Under the Natural Gas Act, FERC has authority to regulate natural gas companies that provide natural gas pipeline transportation services in interstate commerce. Its authority to regulate those services includes the rates charged for the services, terms and conditions of service, certification and construction of new facilities, the extension or abandonment of services and facilities, the maintenance of accounts and records, the acquisition and disposition of facilities, the initiation and discontinuation of services, and various other matters. Natural gas companies may not charge rates that have not been determined to be just and reasonable by FERC. In addition, FERC prohibits natural gas companies from unduly preferring or unreasonably discriminating against any person with respect to pipeline rates or terms and conditions of service.

On September 29, 2006, Transwestern filed revised tariff sheets under section 4(e) of the Natural Gas Act (“NGA”) proposing a general rate increase to be effective on November 1, 2006. On March 9, 2007, Transwestern filed with the FERC its Stipulation and Agreement of Settlement (“Stipulation and Agreement”) which provides for (i) revised base tariff rates, (ii) the amortization of certain costs, including the Enron Cash Balance Plan, regulatory commission expense, post retirement benefits, the accumulated reserve adjustment regulatory asset, deferred income taxes, and certain non-PCB environmental costs, and (iii) a depreciation rate of 1.20 percent for all transmission plant facilities.
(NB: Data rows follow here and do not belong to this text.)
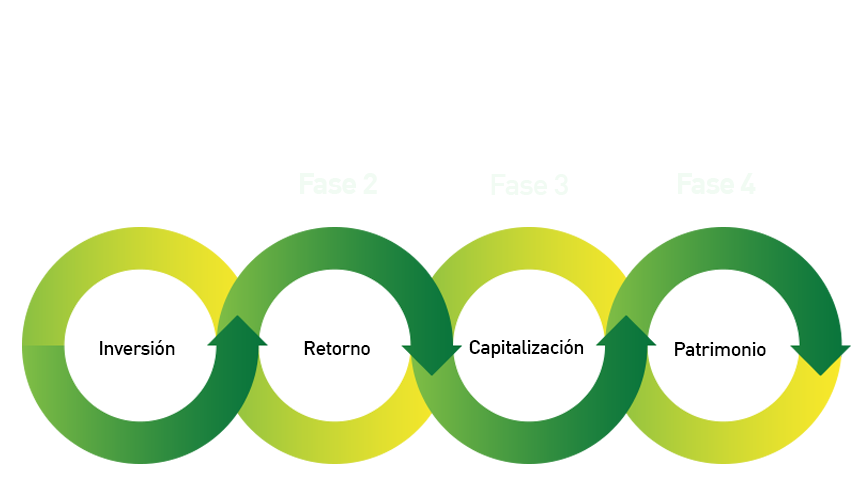 Cinovatec:.Ciclo De Vida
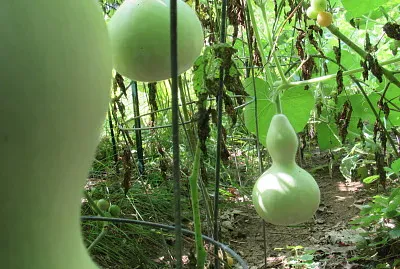 Gourds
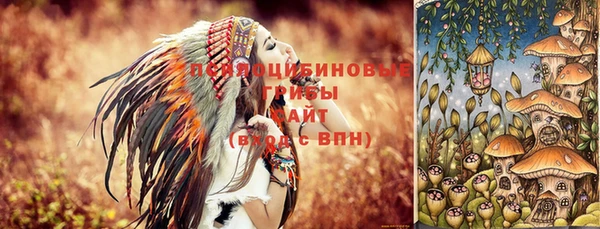 синтетический гашиш Костерёво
On April 27, 2007, the FERC approved the Stipulation and Agreement with an effective date of April 1, 2007. Transwestern’s tariff rates and fuel charges are now final until October 2011, the time stipulated in the settlement for the commencement of a new rate case.
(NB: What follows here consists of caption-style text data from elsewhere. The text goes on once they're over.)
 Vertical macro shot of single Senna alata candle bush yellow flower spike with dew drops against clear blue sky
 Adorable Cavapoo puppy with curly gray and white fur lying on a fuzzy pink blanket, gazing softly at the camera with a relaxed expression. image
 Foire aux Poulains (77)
The rates, terms and conditions of service provided by natural gas companies are required to be on file with FERC in FERC-approved tariffs. Pursuant to FERC’s jurisdiction over rates, existing rates may be challenged by complaint and proposed rate increases may be challenged by protest. We cannot assure you that FERC will continue to pursue its approach of pro-competitive policies as it considers matters such as pipeline rates and rules and policies that may affect rights of access to natural gas transportation capacity, transportation and storage facilities. Any successful complaint or protest against Transwestern’s FERC-approved rates could have a prospective impact on our revenues associated with providing transmission services on Transwestern’s pipelines.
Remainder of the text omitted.